Missing In Action v. Windfall

This is another blog about general funding. Stay with me.

Earlier this year, MacKenzie Scott made a bold step and invited nonprofit organizations to apply for funding, intentionally directed at smaller nonprofits.

Smaller comes with a caveat: the stipulations required that applicants have an annual operating budget of at least $1 million and no more than $5 million for at least 2 of the last 4 fiscal years. The initiative would award unrestricted gifts of $1 million each to 250 organizations.*

 In the nonprofit world, operating budgets of this size are not considered small.

The total projected giving by Scott, $250 million, dwarfs her giving of $14 billion, to date. But is that a fair comparison? Is an open application process as opposed to secretive selections, which has been her MO to grant funding, a winning formula?

This year’s offering is a stark departure from Scott’s previous way of giving out money. Up until now, organizations could wake up one morning having been awarded funding, without warning, not based on an application or other communication. Suddenly, an organization could receive a windfall out of nowhere. This might not be a singularly positive situation for a nonprofit to find themselves in. But make no mistake – money is always good!

For a moment, let’s consider that 88% of nonprofits in the US have revenue of less than $500,000; 92% have below $1 million. This minimizes the pool that Scott outlines significantly. As the deadline came and went on June 12, Scott reported that 4% of the total number applicants would receive funding.

It is a fair estimate that the 6,000+ organization had put in significant time completing the applications. Time that is rarely counted in any grant funding, meaning the time staff spent on preparing the specific documents that this funder needed in order to review the submissions.

In an open letter to MacKenzie Scott, written by Seth Lepore, Tina Duong, Muna Ikedionwu, and myself, we argued that philanthropy would be better served by inviting grantees to participate in the actual process of awarding funding; but more importantly, for philanthropy to institute a process where funders trust grantees to know what they need, and how to distribute the funding once they receive it. Hence, the reference to MIA – general funding in, particular.
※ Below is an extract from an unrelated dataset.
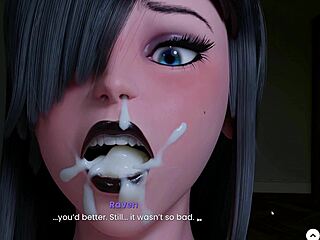 Mansion Days Gamer Girl Sucks Giant Cock While Streaming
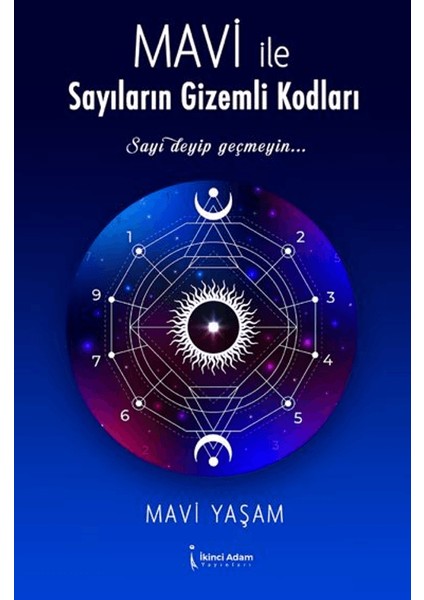 Mavi Ile Sayıların Gızemli Kodları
The open letter to Scott specifically pointed to benefits of prioritizing general funding, which is severely limited for all categories of nonprofits. To fund something as boring as keeping an organization afloat has always been at the bottom of funders’ priorities.

There are funder who understands that if you don’t have people, you don’t have a program, but more often than not, grant requirements stipulate “we don’t support staff”. Examples abound where organizations are hobbling along, skimming off the top of other grants to keep the metaphorical, and literal, doors open. This kind of pressure, struggling to fund staff who are managing operations and programs, is not only hindering a healthy, honest and transparent management of the programming, it is fostering a clandestine environment where nonprofits cannot be honest about the cost of their operations, and instead resort to creative accounting to stay operational.

So called old school fundraisers, who subscribe to a more colonial way of catering to donors, might disagree that it is sometimes not advisable to have donors come any closer than pushing the button on the electronic transfer to an organization’s internal funding allocations. The longstanding attitude of control by funders is juxtaposed with the fact that only a minority of people who are prolific donors have actually engaged in any serious way in the day-to-day running of a nonprofit. Likely they have been on a board, attended fundraising events, or participated in meet-and-greets and mingling ice-breaker gatherings with staff. My point is that people with money don’t not necessarily, or rather not likely, know what it means to run a nonprofit organizations as far as creating and executing programs, carry out the work, and then report back on results and findings. And manage all that other intangible stuff that happens in a nonprofit.

The big questions then is, how is that program going to run? Who will manage it? Who will provide the services? And who will report back the funding agency about progress, and other outcomes?

The lack of general funding also increases the chances of a nonprofit losing its 501c3 status. If there are larger grants, and scant public donations to balance the larger ones out, a nonprofit will be punished for carrying out services, do advocacy, or research under dire financial circumstances, and instead of being able to manage these tasks with an in-house staff, will fall into the IRS bucket called private foundation due to not receiving enough support from the general public.

Many nonprofit leaders wear all the hats of an organization simultaneously, a recipe for disaster at some point or other. Among these duties we find director, manager, administrator, bookkeeper, fundraiser, communicator, IT expert, and even board chair, not to mention actually fundraising for and running programs. On top of that, planning and execution of a myriad of things that is involved with running an organization.

To have money does not equal knowledge of nonprofits or their everyday struggles. Scott showed that she is interested in learning what goes on, while increasing support. The open application initiative furthers that promise.

So here’s a suggestions for another bold step: a mandatory, unpaid internship by donors to go along with a donation? A hands-on experience could facilitate a necessary conversation about the conditions, status and standards in the sector, as well as foster respect and understanding for all involved parties.

 

*At the time of publishing this blog, Scott had given out $146 million to 24 nonprofits, one receiving $15M, departing from the earlier pledge of $1 million each to 250 organizations. It is also not clear what qualified these organizations fulfilled to receive the amounts.